Cushing has had plenty of time to size up what looks like an old farm at the dead end of Depot Street in Ferrisburgh. As the plant's state "inspector," he worked alongside its former owner, Bob Clark, for more than 30 years. Cushing got there by way of Milton, where he grew up with nine brothers and sisters on a small family farm. All but one of his siblings still lives within a 15-mile radius of the original homestead.

"I didn't know what store-bought bread was until I was about 11," Cushing recalls. The family grew its own vegetables and raised its own animals. "We slaughtered in Georgia; then we'd process at home," Cushing says. "That's where we got the first taste of it."

In high school, Carl and his older brother Allen got part-time jobs at a slaughterhouse in Essex, where Pizza Hut now stands. Carl was just 23 when he went to work at the state Agriculture Department, and found himself in Ferrisburgh soon after.

Inspecting the plant was a full-time job: Unlike a restaurant, which is visited randomly by inspectors, a working slaughterhouse cannot operate without a regulator on the premises. The state pays the official's salary, but the slaughterhouse kicks in for overtime pay and a private "office" that is usually about as glamorous as the job description.

When the owner of the Ferrisburgh plant decided to sell the slaughterhouse, he offered the place to Clark, who was working there as a butcher. But, while the older man was getting the financing together, the owner also asked young Cushing if he was interested. Cushing recalls that when he found out about the apparent double-dealing, he gave the owner the honorable answer: "Well, I won't buy it out from Mr. Clark. If he doesn't want it, or isn't able to do it, then I'd like it."

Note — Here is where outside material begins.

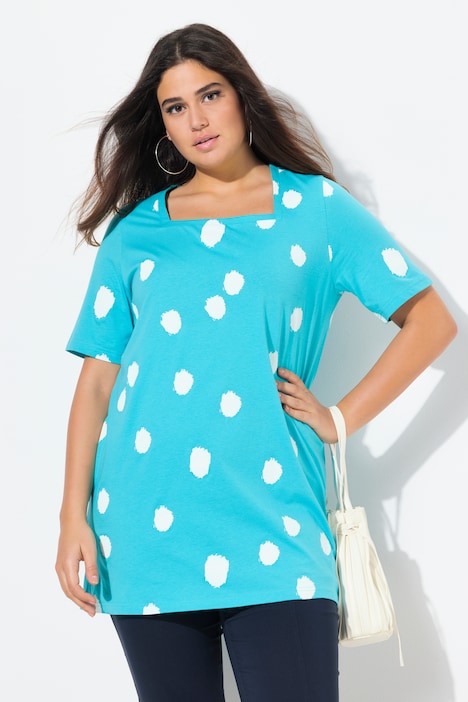 Polka Dot Short Sleeve Tunic Tee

Clark's son Jerry, 53, corroborates the exchange between his father and Cushing that forever bonded the two families. "Carl said to Dad, 'You take it, but if you ever sell it, I'd like first bids on it."

Twenty-eight years later, Cushing is finally getting his chance.

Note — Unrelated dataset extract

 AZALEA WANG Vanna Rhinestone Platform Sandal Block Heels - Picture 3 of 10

"Him and dad worked together long enough that Carl calls my father 'Dad' or 'Pop,'" says Jerry, who still labors on the kill floor in Ferrisburgh with his own son, Danny, 31. Cushing's older brother Allen also wields a sharp knife — he worked for decades as a meat cutter and manager for Grand Union. The four men — along with Carl Cushing's son Ryan — are the muscle behind Vermont Livestock Slaughter and Processing.

The new, more descriptive name suggests an openness that is atypical in the slaughterhouse industry. "It's long," Cushing acknowledges, "but we wanted people to know what we're about."

Remarkably, that same transparency extends to the kill floor. On a recent Friday, no one stops a visitor from venturing into the room where Jerry and Danny Clark are slaughtering lambs. The father-and-son team has it down. Danny does the actual killing — he stuns the animal with a captive bolt pistol, then hoists it by a chain upside down over a trash can and cuts its throat. After the animal has bled out, he lowers it onto a stainless steel cradle and skins it expertly, starting at the legs.

Then the carcass is hoisted onto another hook. At that point, dad Jerry takes over. With a huge knife, aided by the occasional saw, Jerry opens the abdomen and removes the organs. The viscera are put into various plastic garbage cans.

Inspector Bob Aprilliano fishes out the livers to study them more closely. He won't say what he's looking for — the FDA won't let him talk to the press about his job — but he's willing to bend the rules a little to praise Cushing, his former boss at the agency.

"A guy like Carl Cushing — he's done it all, seen it all. He's always had his finger on the pulse," says Aprilliano, who has been inspecting Vermont slaughterhouses for 28 years. "He's smart, well-mannered, well-rounded."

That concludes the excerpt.